Namun sesungguhnya di balik soal teknis, sarung punya sisi sosial sebagai alat pemberontakan masa kolonial. Sarung masuk bersamaan dengan masuknya ajaran islam di Indonesia dibawa dari Yaman. Meski di banyak negara Arab, sarung tidak memiliki kedudukan yang tinggi sebagaimana di Asia, kecuali sebagai penutup tubuh yang nyaman karena bentuknya. Sementara di Indonesia, sarung selain sebagai pakaian formal – seperti yang ada dalam pakaian adat Nusantara – juga dipakai dalam keseharian.

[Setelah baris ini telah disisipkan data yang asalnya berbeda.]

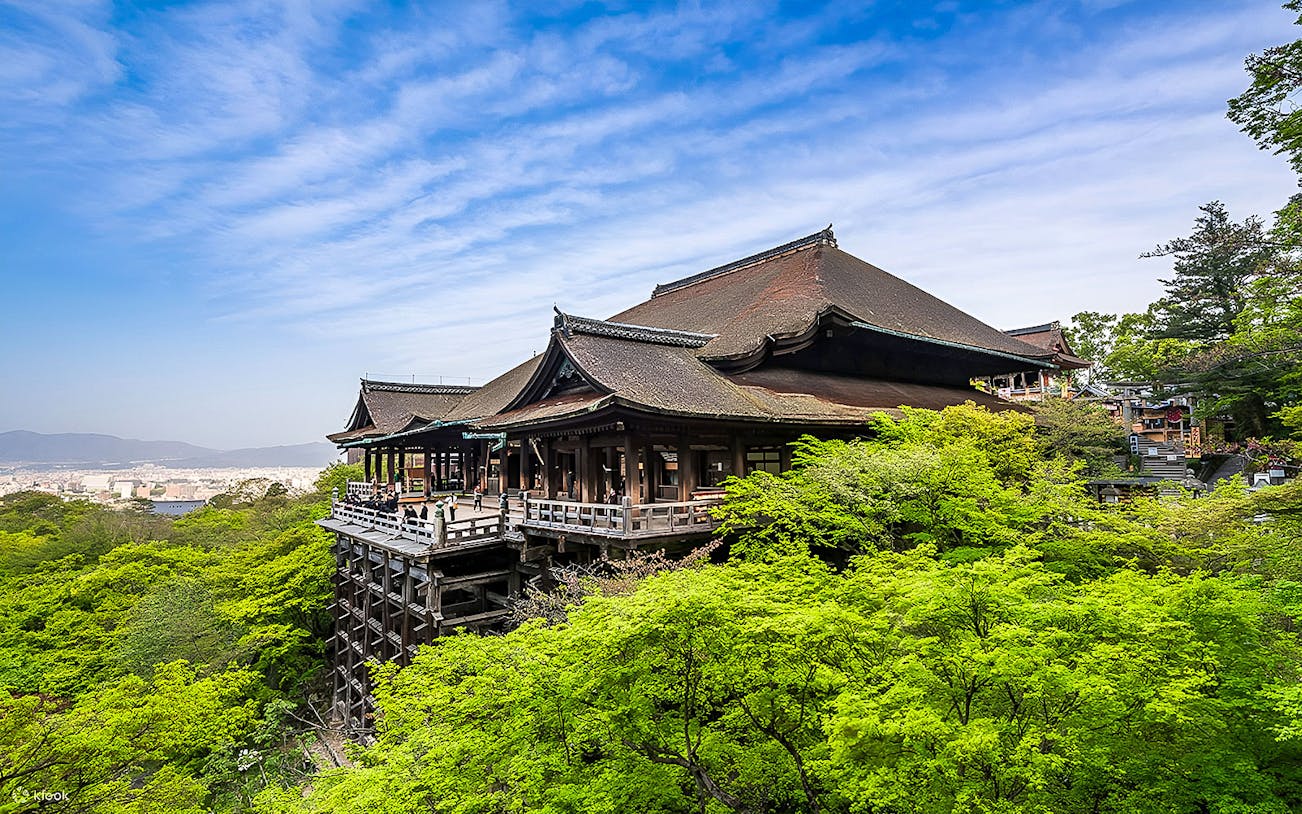 Kiyomizu-dera Temple in Kyoto surrounded by lush greenery under a clear blue sky.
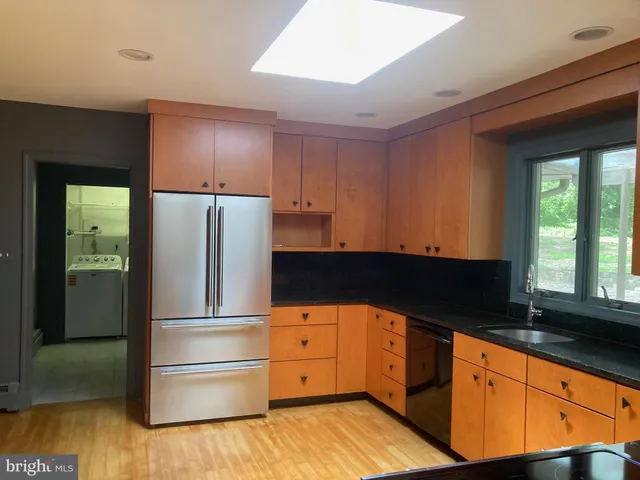 a kitchen with stainless steel appliances granite countertop a refrigerator and a sink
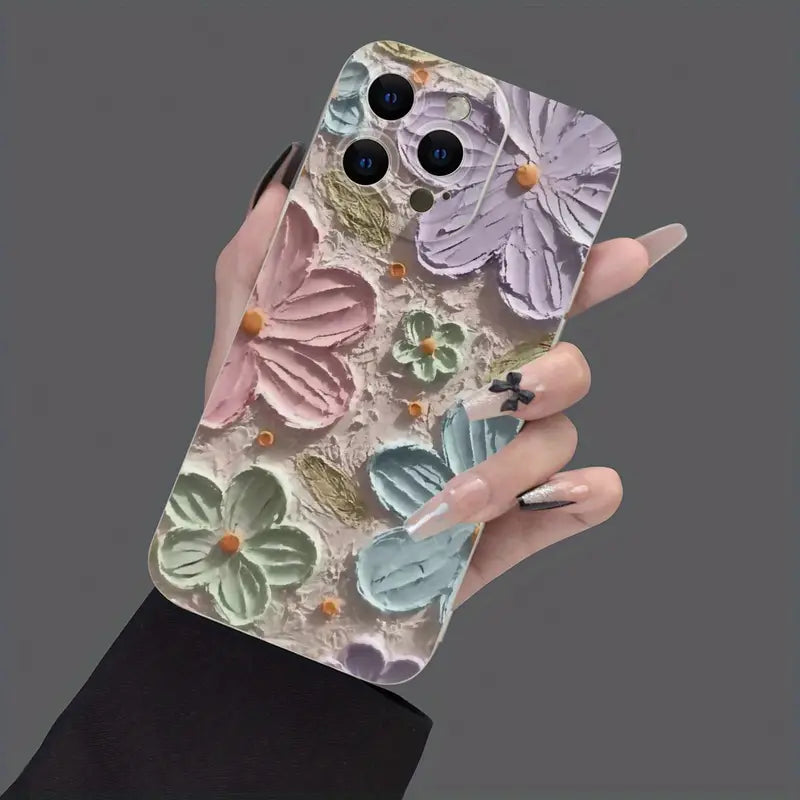 Hand holding a matte iPhone case with an artistic pastel floral print designed to look like raised textured flowers in pink, green, purple, and blue.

Sejarah pernah mencatat, seorang ulama NU, Abdul Wahab pernah menolak menggunakan celana panjang ketika diundang ke istana oleh Presiden Soekarno. Waktu itu ia beranggapan bahwa celana panjang merupakan bagian dari kolonialisme – dan ia mengganti dengan sarung (meski sebenarnya sarung pun hasil dari pengaruh budaya lain, bukan?). Dari pengalaman ini, kita bisa melihat bagaimana sarung menjadi simbol pembebasan tubuh yang radikal di masa itu.
Namun anehnya, atau uniknya?, dalam dunia yang semakin global, sarung sebagai identitas dan symbol kebebasan itu justru semakin membelenggu pemakainya. “Sarung” diartikan dengan begitu sempit. Khususnya dalam kebebasan beragama di Indonesia belakangan ini. Tentu Teguh tidak apolitis dalam menggarap karya-karyanya, seperti juga ketika ia menyampaikan pendapatnya melalui pameran sebelumnya yang bertajuk De-Facement beberapa waktu lalu.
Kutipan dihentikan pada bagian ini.